Spesso si pensa che per dimagrire e raggiungere l’effetto di una pancia completamente piatta occorre mangiare determinati cibi ed escluderne altri ed eliminare soprattutto grassi e carboidrati. In realtà, seppure l’alimentazione ha ovviamente un ruolo importantissimo, non è puntando solo all’eliminazione di certi alimenti che si ottiene il risultato sperato.

Il naturopata e osteopata francese Frank Laporte – Adamski ha sviluppato un metodo che sarebbe risolutivo per questo scopo, che si raggiunge mirando l’attenzione a fare una buona digestione. Il medico, infatti, da circa 30 anni si concentra a studiare il processo digestivo sviluppando un cosiddetto metodo logico per farlo funzionare al meglio.

Pancia piatta e salute digestiva ottimale seguendo il metodo Adamski

Secondo Adamski il problema deriva da un intestino sovraccarico e intasato.
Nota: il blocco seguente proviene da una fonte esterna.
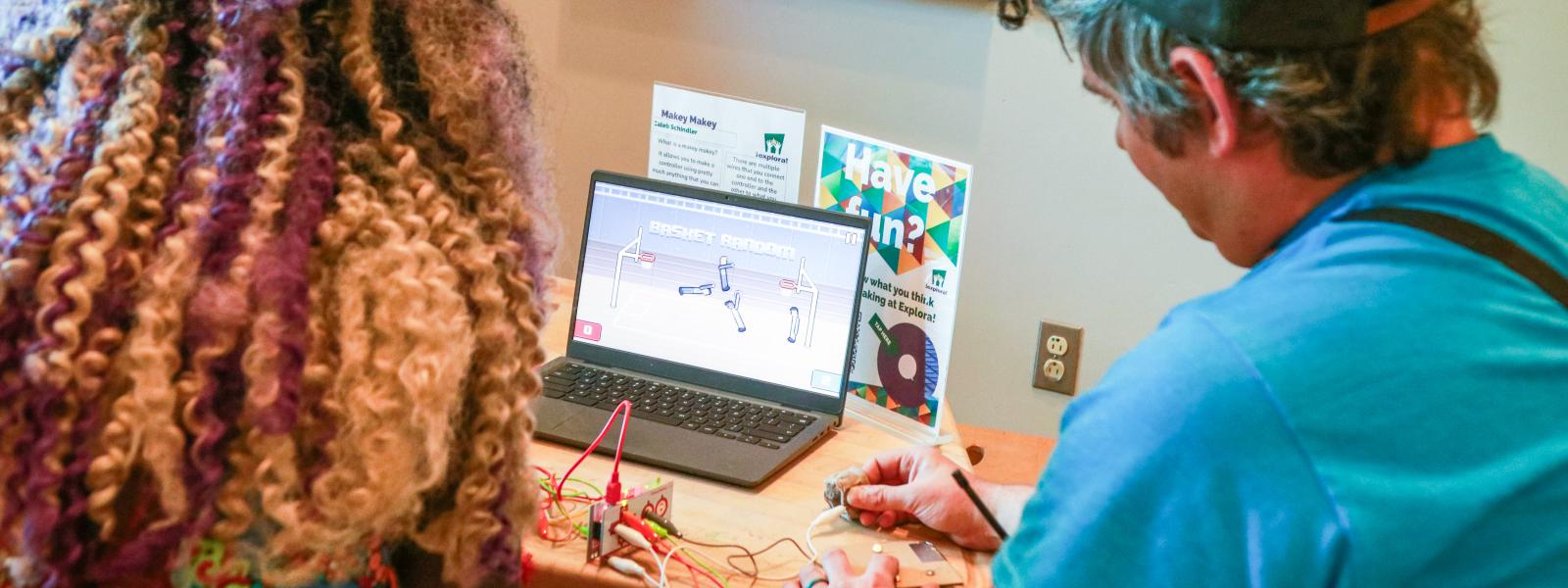 2 people working with circuits and a computer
Lo studioso ha illustrato il suo metodo nel suo ultimo libro dal titolo La dieta. Sostiene che ci sono alimenti che circolano in modo veloce nel nostro intestino e solitamene si tratta della frutta con i suoi acidi, ma anche il miele, il tè verde, i pomodori, la zucca, lo yogurt, i peperoncini e i peperoni. Questi cibi vengono digeriti nei primi 30 minuti dopo esser stati ingeriti.

Pancia piatta, il metodo Adamski
Il metodo Adamski per avere la pancia piatta – salbea.it

Al contrario, gli alimenti che non sono acidi, come le verdure cotte o crude, i cereali, le proteine animali o vegetali, la frutta secca tra cui noci, nocciole e mandorle, arachidi, pistacchi, castagne vengono digeriti molto lentamente e occorrono fino a 4 – 5 ore. Se si ingeriscono contemporaneamente cibi a lenta e altri a veloce digestione, si potrebbe creare un blocco del transito con conseguente gonfiore addominale.

Per comprendere lo stato del proprio intestino, Adamski afferma che bisogna osservare le feci. Se hanno una consistenza morbida e soda, la forma di una salsiccia e la superficie liscia con il colore di un hamburger ben cotto indicano uno stato di buona salute intestinale. Al contrario, se le feci non hanno queste caratteristiche vuol dire che l’intestino non sta funzionando nel modo migliore.

Pe rimediare, il medico francese consiglia di consumare olio extravergine di oliva a crudo, di distanziare i pasti di almeno 4 – 5 ore e soprattutto di evitare gli accostamenti tra cibi a digestione lenta ed altri veloce. Molti mix classici sono considerati difficili da digerire, per cui bisognerebbe evitarli con il risultato di ottenere di conseguenza uno sgonfiamento e quindi una pancia piatta.